AmericanChemicalSociety.com

(This work was conducted by graduate student Tamika Madison, as part of her dissertation work with Prof. Peter Siska - the author of the proposal.  Pete passed away and JJG stepped in and advised Tamika as she completed this part of her dissertation.) The first carefully measured mass spectra obtained by Penning Ionization (PI) of formamide with helium, neon, or argon metastable atoms have been obtained at kinetic energies near 1 kcal/mol.  This target organic molecule was selected as a model compound for investigating selective fragmention of polypeptides in a desire to find a method for sequencing of polypeptides by mass spectrometry.  Data were reproducibly collected on the Siska group’s apparatus that employs a supersonic excited noble gas beam crossing an effusive beam of formamide vapor.  Product ions are extracted perpendicular to the plane of the crossed beams, analyzed by a quadrupole mass filter, and counted by a scintillation-type ion counter.  Noble gas ions and noble gas Rydberg atoms were removed by electric deflection/quenching fields.   These data, which have been averaged over a number of independent experiments, have also been corrected for background reactions and for any possible mass discrimination effects (due to the differing m/z values being monitored). 

For the He* reaction, the average yields of the various product ions (with a one-standard-deviation error bar) are:  m/z 16 - 7.5(1.5)%, m/z 17 - 11.5(1.9)%, m/z 18 – 1.9(0.5)%, m/z 29 – 15.7(1.3)%, m/z 42 – 0.8(0.7)%, m/z 43 – 13.0(1.0)%, m/z 44 – 18.0(1.2%), and m/z 45 – 31.6(1.4)%. For the Ne* reaction (with less interaction energy than that for helium), the average yields of the product ions (with a one-standard-deviation error bar) are:  m/z 16 – 2.9(1.6)%, m/z 17 – 21.4(0.7)%, m/z 28 – 1.9(0.9)%, m/z 29 – 24.5(1.9)%, m/z 43 – 0.6(0.4)%, m/z 44 – 25.0(1.1)%, and m/z 45 – 23.7(1.3)%. For the Ar* reaction (with the least interaction energy of the three systems), the average yields of the product ions (with a one-standard-deviation error bar) are:  m/z  17 - 5.4(1.5)%, m/z 29 – 0.7(0.3)%, m/z 44 – 6.0(0.6)%, and m/z 45 – 87.9(0.6)%. High level ab initio calculations for thirty unique fragmentation channels have also been completed, these calculations provide thermodynamic data and more.  The three energetically favored channels are formation of the ammonia radical cation (m/z 17, NH₃⁺), the formamide radical cation (m/z 45, HCONH₂⁺) and OCNH₂⁺ (m/z 44).

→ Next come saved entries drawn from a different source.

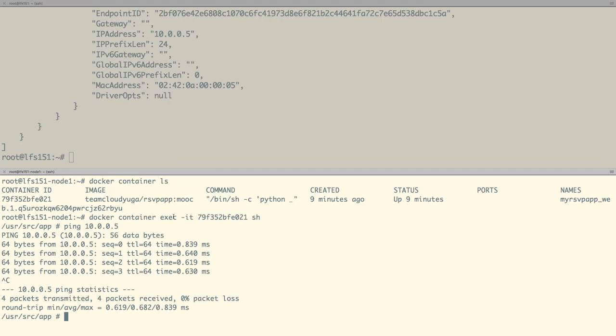In this demo we have seen how containers between hosts can communicate if they use the overlay network with Docker.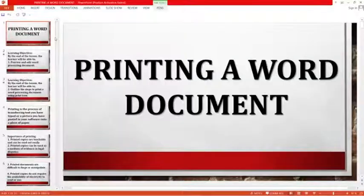Hello Learners! Welcome to the Junior High School Hour on the Enjoy Learning Channel. My name is Colin Cheyemensa and I'm taking you through Information and Communicating Technology, ICT. In today's lesson, we are looking at printing a document — printing a Word document.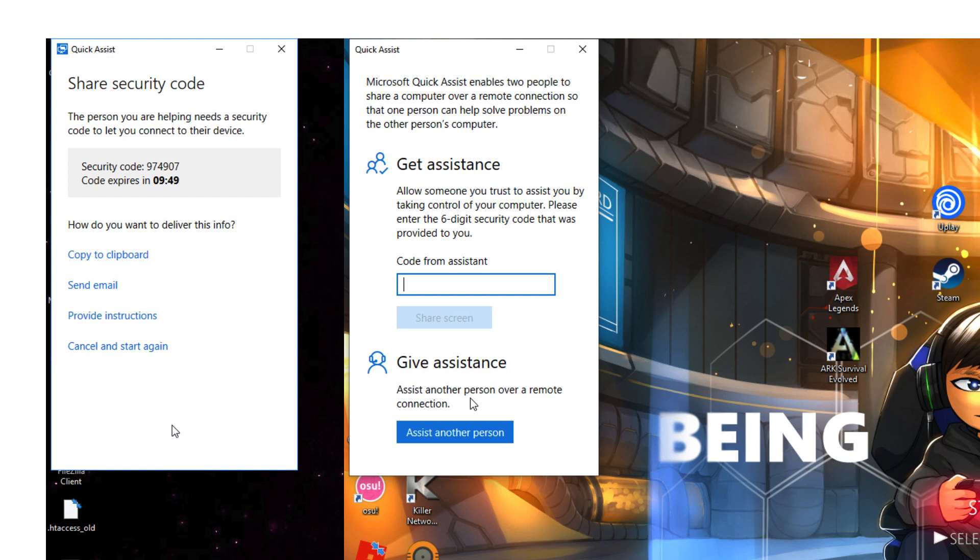On the person that we are helping, on their computer, you need to tell them to put the code that in this case is 974907—the code that's generated by Quick Assist—and on their Windows 10 machine in this Quick Assist box, they need to then type that same code in.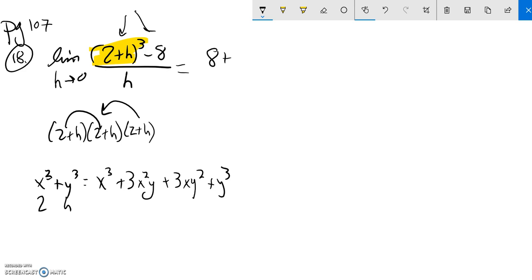Plus, that's 2 cubed, plus 3 times 2 squared times h. So that's a 4, 4 times 3 is 12, so it's plus 12h.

Ab initio calculations were also used to determine energies and structures of relevant transition states connecting the initially formed molecular radical cation to observed ionic (and assumed neutral) products. In order to compute a ‘theoretical mass spectrum’ to compare to that obtained in the lab, RRKM calculations were carried out using a custom developed code.  This was completed for the Ar* PI reaction of formamide, and a plot created that show the k(E) for the two allowed fragmentation channels (loss of H and formation of OCNH₂⁺; loss of CO and formation of NH₃⁺), and the deposition function. The PI spectra show different ion yields when compared to the standard 70 eV EI spectrum for formamide, which we demonstrated can be accounted for by analyzing the dynamics of the PI reaction.  The number and identity of observed ions in these spectra depend on the excitation energy of Ng* as well as the ΔE₀ values for the fragmentation channels that include them.  We have focused on the Ar* + HCONH₂ spectrum.  The yields calculated are in agreement with our experimental yields.  RRKM theory also allowed us to determine the fraction of our ion yields that can be attributed to tunneling.  Future measurements of these spectra with formamide – d₃ would allow us to experimentally determine how much of the ion yield comes from tunneling.  Our plans for future work had included collecting the spectra for five other amides, systematically growing alkyl chains from the carbonyl carbon and nitrogen atoms and doing similar RRKM calculations for these systems.  We also had hoped to collect PIES spectra for these systems in order to have more accurate energy deposition functions for ion yield calculations.  The calculation of ion yields using unimolecular rate theory is often a difficult task because of the difficulty in obtaining the internal energy distribution for the molecular ion in question.  The ease in obtaining the energy deposition function for a molecular ion produced by PI makes this task less daunting.  PI mass spectrometry then provides a great venue for the application of RRKM-QET theory to the calculation of ion yields.

Unfortunately, with the passing of Pete Siska, this project has ended and his lab closed.  Tamika published the above results in J. Chem. Phys. 2009, 131, 134309 and will include them in her dissertation.  She has now moved to another research group to complete her dissertation work in a new research area.